Black History Month 2014: The Plain of Cul-de-Sac
By Hunter Wallace From Occidental
Haiti
The year is 1899.
Hesketh Prichard, a British explorer, adventurer, and travel writer, has arrived in Haiti to see with his own eyes the land where “the law of the world is reversed, and the Black man rules.”
It has been 105 years since the abolition of slavery in Saint-Domingue in 1794. Nearly a century has passed since Haiti won its independence from France. In Haiti, the negro inherited “a wide land sown with prosperity,” a “made country,” where he was “turned loose to work out his salvation.”
In 1789, there were 58 heavily irrigated sugar plantations covering around 36,000 acres in the Cul-de-Sac plain that surrounds modern Port-au-Prince. The lush fields of the plain were connected to its port by a straight and well-maintained road system.
Once upon a time, the Cul-de-Sac and Artibonite plains in the Western Province around Port-au-Prince – where there had been a total of 314 sugar plantations – were the Detroit of capital intensive, export-based plantation agriculture:
“On my way to San Domingo, I rode out of the capital toward the plain of Cul-de-Sac, which in the days of French occupation had contained many flourishing plantations, the soil being rich and productive beyond the average even in prolific Hayti.
“Yes, sir, you are right plumb in the centre of the most fertile district in Hayti – in the world. Do you know how much the revenue from this Plain of Cul-de-Sac totted up to in the time of the French colony a hundred years back? It was 20,000,000 francs, and what would you put it at now?”
I had overtaken the speaker. I looked round. We were riding up a steady but hardly perceptible incline, and were in the heart of the plain. Ever since the first streak of dawn I had been passing ruined walls patted with vegetation, a few irregular patches of corn, a few clumps of Guinea grass about each solitary palm-thatched hut, yet mangoes, bananas, and tamarinds bore witness to the soil’s unaided fruitfulness. As we went on the surroundings grew more lonely. Save for the town of Pompadette no village broke the desolate ranges of forest on either hand.
Here among wild and hardy trees some hint of the old time occupation of man might be traced in the existence of gentler-bred shrubs, but the splendid country houses of the French period had apparently been absorbed by the jungle, which had closed in about them when man ceased to dwell there. Mules, bred between the parrot and the blackbird, chattered in the riotous foliage, and droves of lean pigs eked out a precarious existence on the land that the forest had reclaimed from the dominion of man.

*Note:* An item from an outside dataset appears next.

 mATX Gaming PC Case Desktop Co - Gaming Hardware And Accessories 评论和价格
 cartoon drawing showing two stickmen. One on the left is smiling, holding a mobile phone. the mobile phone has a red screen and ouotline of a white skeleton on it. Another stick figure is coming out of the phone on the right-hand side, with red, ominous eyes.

“The present revenue? I had not an idea,” I replied.
My questioner laughed. “Not a red cent, sir! Each year the forest comes forward, and no effort is made to keep the ground clear, much less to cultivate it. There is a proverb in this island which you may have heard – ‘In Hayti, there are only three classes who work: the white man, the black woman, and the ass.’ …
The Plain of Cul-de-Sac is, roughly, twenty-seven miles by twenty-four. Port-au-Prince lies at one end of it, and there the ships of all nations offer a ready outlet to its wealth. And yet, for all practical purposes, its wealth is not. A few huts, primitive enough to cost the labour of but half the day, lie scattered over its surface, but the occupiers are satisfied to subsist on the produce of the land as Nature gives it into their hands. The very sugar-boiling pans of a hundred years ago lie rusting where the dawn of slave-emancipation found them, and in these evidences of a bygone prosperity the lizard has its dwelling-place.” (Hesketh Prichard, Where Black Rules White: A Journey Across and About Hayti, pp. 53-54)
Pompeii was buried in ash by a volcanic explosion.
Following the Haitian Revolution, the prosperity the Cul-de-Sac and Aritibonite plains was laid low by the immutable laws of the Visible Black Hand of Economics. In 1904, Cuba exported 1.1 million tons of sugar. In spite of the Spanish-American War, Cuba still exported 345,000 tons of sugar in 1899.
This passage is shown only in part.